→ **ABOUT THIS EXERCISE**:
Taking the data below, please print only the lines from the line holding "X0000066121040200603311530" to the line holding "أثقل من كرة", inclusive, with pictures omitted.

→ **INFORMATION SHOWN**:
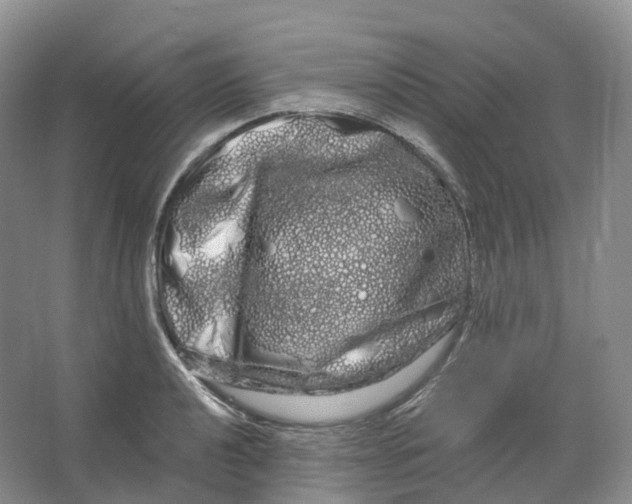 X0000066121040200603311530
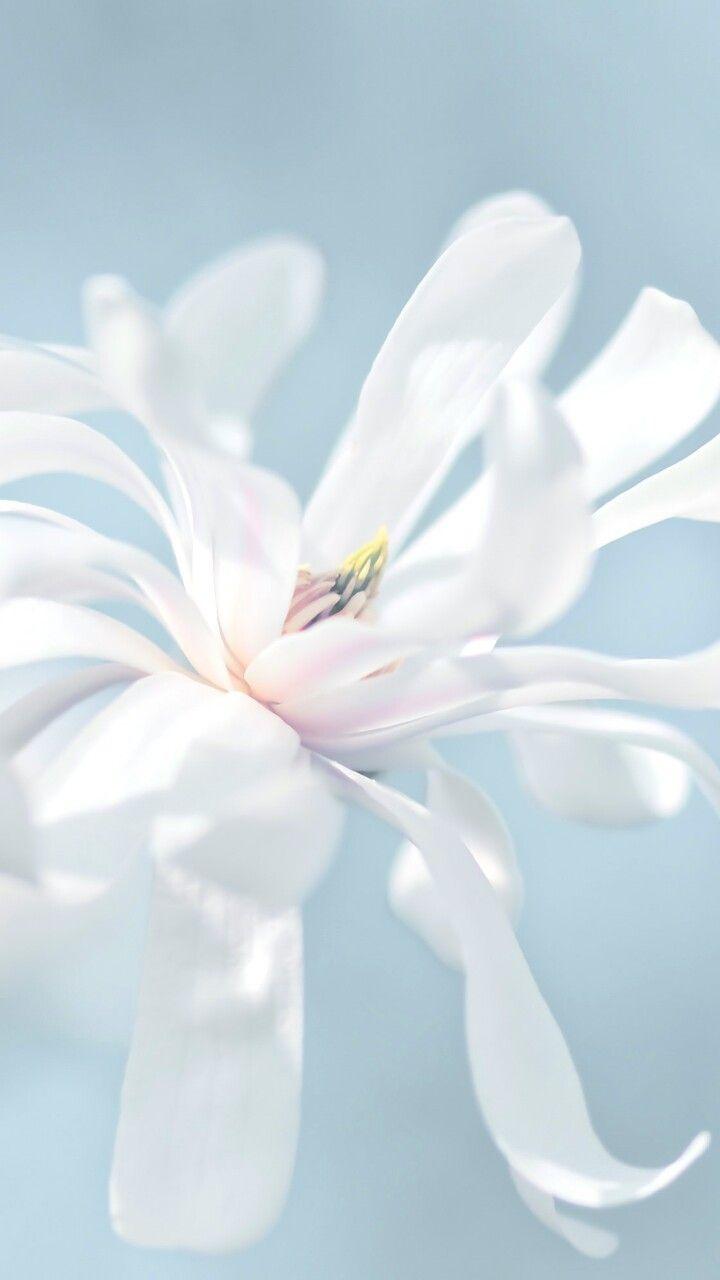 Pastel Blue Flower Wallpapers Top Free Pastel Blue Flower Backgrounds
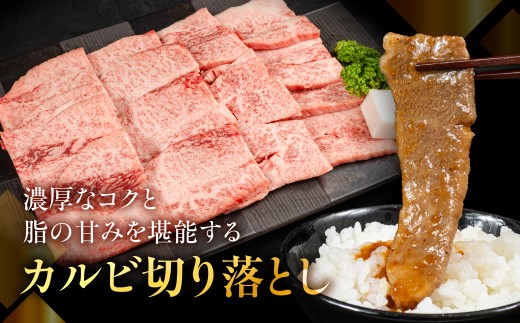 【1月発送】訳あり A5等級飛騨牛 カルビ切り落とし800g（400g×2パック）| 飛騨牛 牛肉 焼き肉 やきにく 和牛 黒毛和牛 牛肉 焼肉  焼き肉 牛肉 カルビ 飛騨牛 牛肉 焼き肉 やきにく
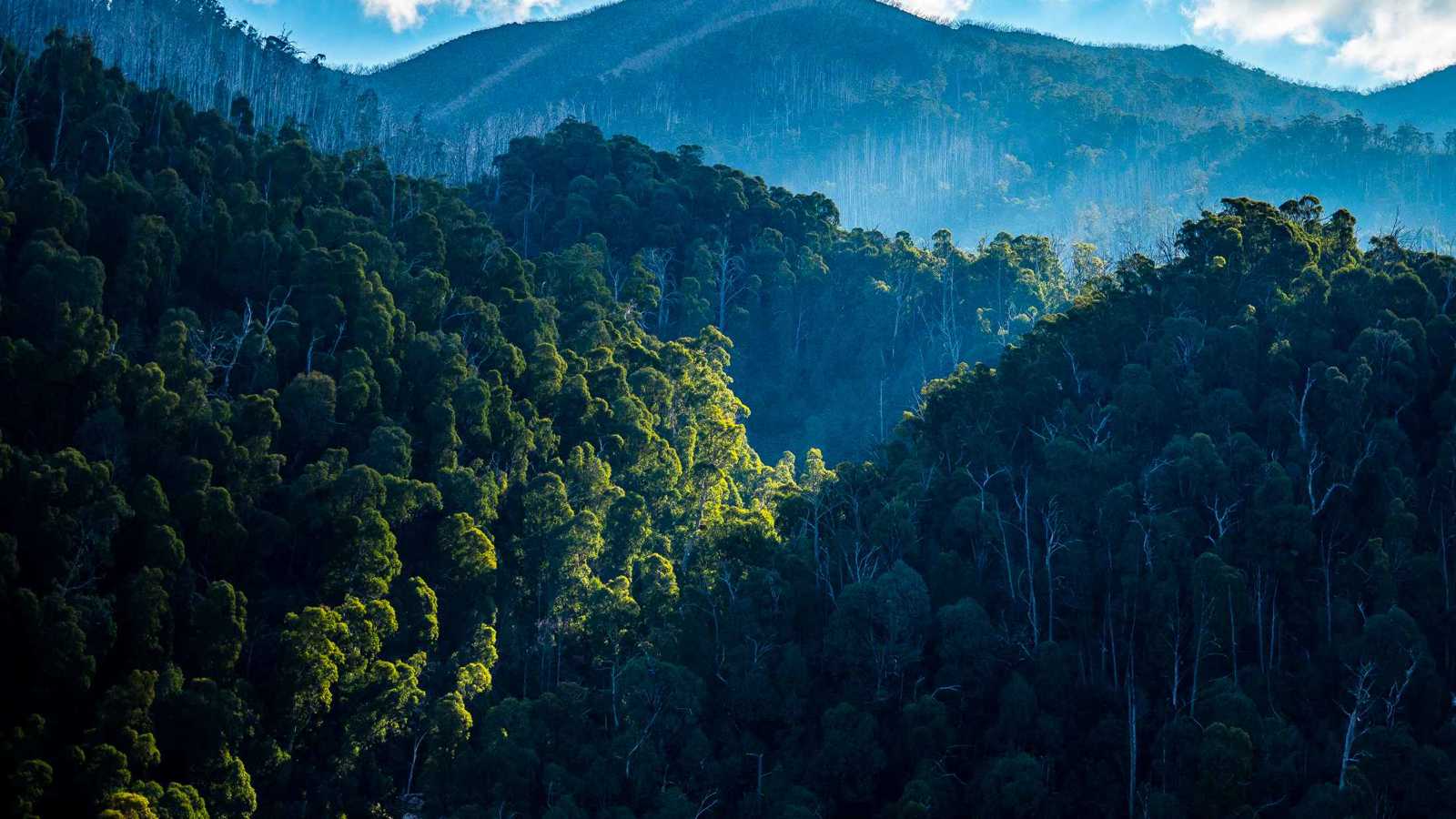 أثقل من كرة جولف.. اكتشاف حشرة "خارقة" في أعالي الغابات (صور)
--
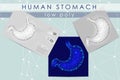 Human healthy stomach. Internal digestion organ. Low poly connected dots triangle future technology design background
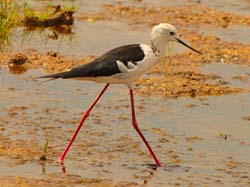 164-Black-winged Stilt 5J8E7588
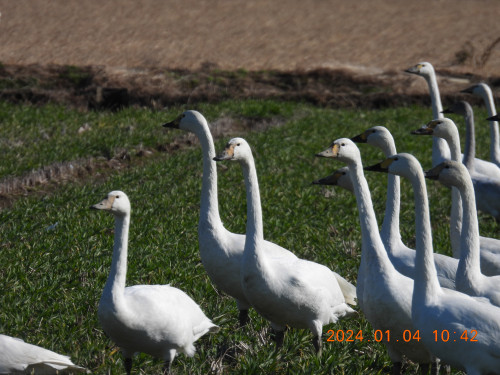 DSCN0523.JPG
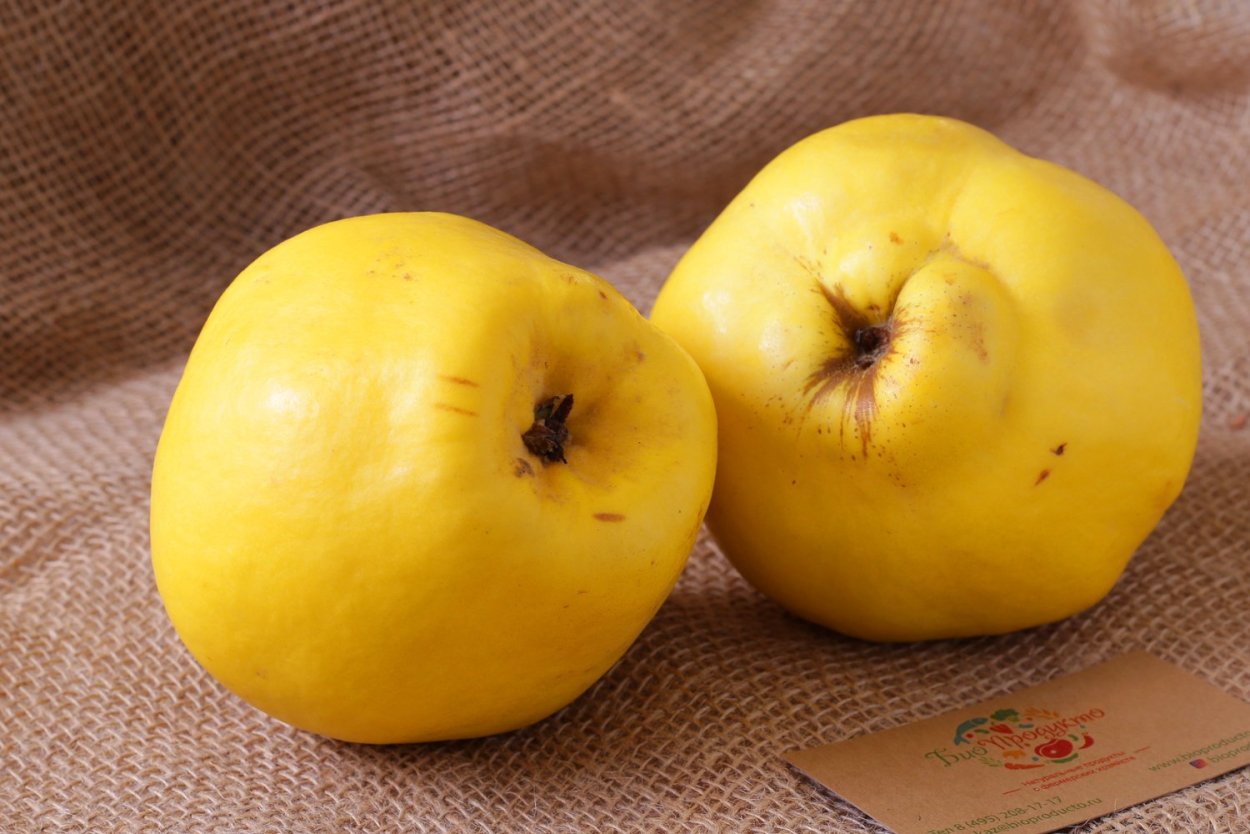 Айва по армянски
--
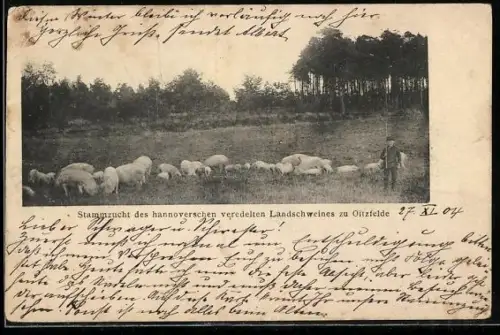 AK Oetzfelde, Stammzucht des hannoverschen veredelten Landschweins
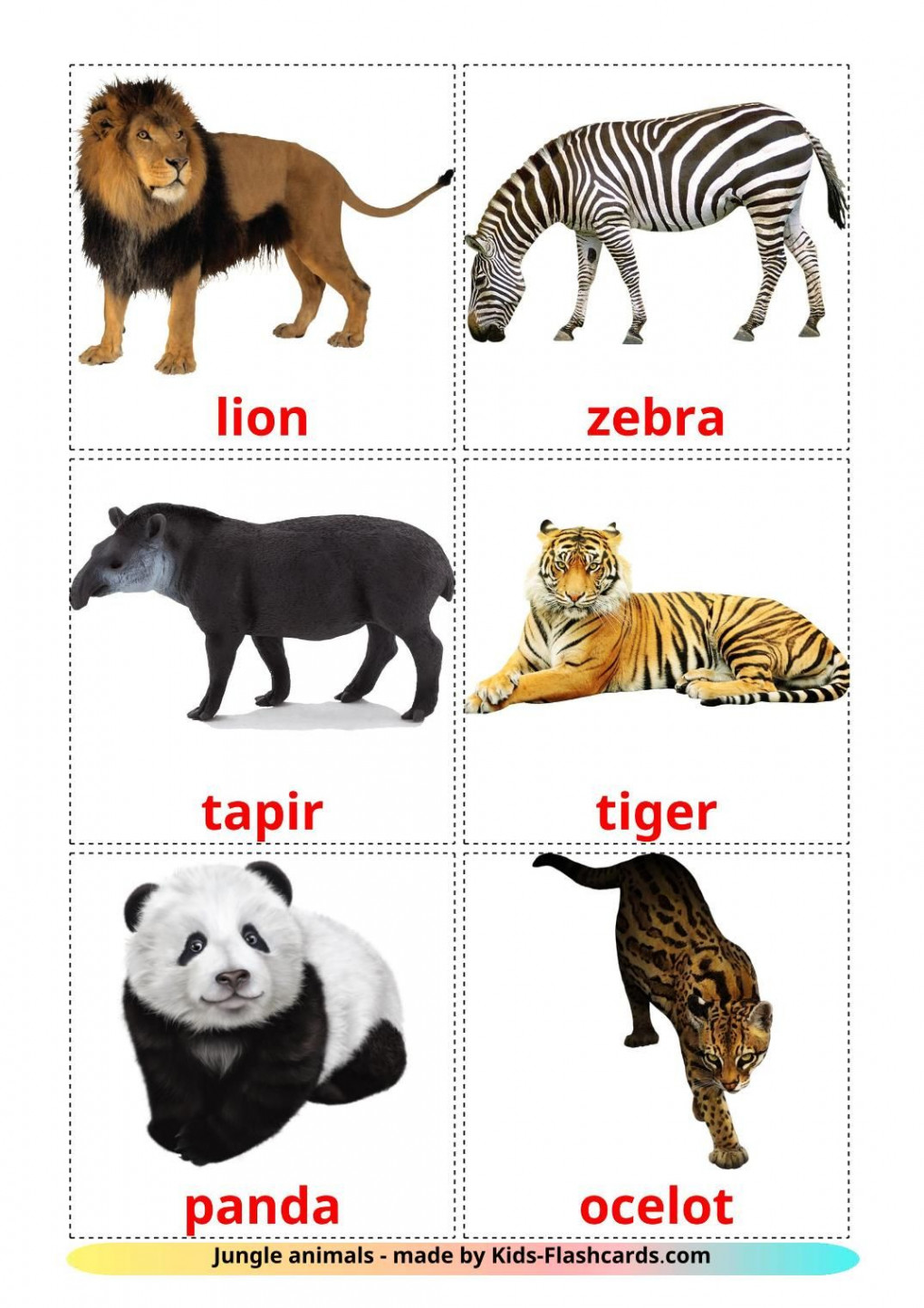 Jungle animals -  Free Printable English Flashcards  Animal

→ **RESULT FOR THIS TASK**:
 X0000066121040200603311530
 Pastel Blue Flower Wallpapers Top Free Pastel Blue Flower Backgrounds
 【1月発送】訳あり A5等級飛騨牛 カルビ切り落とし800g（400g×2パック）| 飛騨牛 牛肉 焼き肉 やきにく 和牛 黒毛和牛 牛肉 焼肉  焼き肉 牛肉 カルビ 飛騨牛 牛肉 焼き肉 やきにく
 أثقل من كرة جولف.. اكتشاف حشرة "خارقة" في أعالي الغابات (صور)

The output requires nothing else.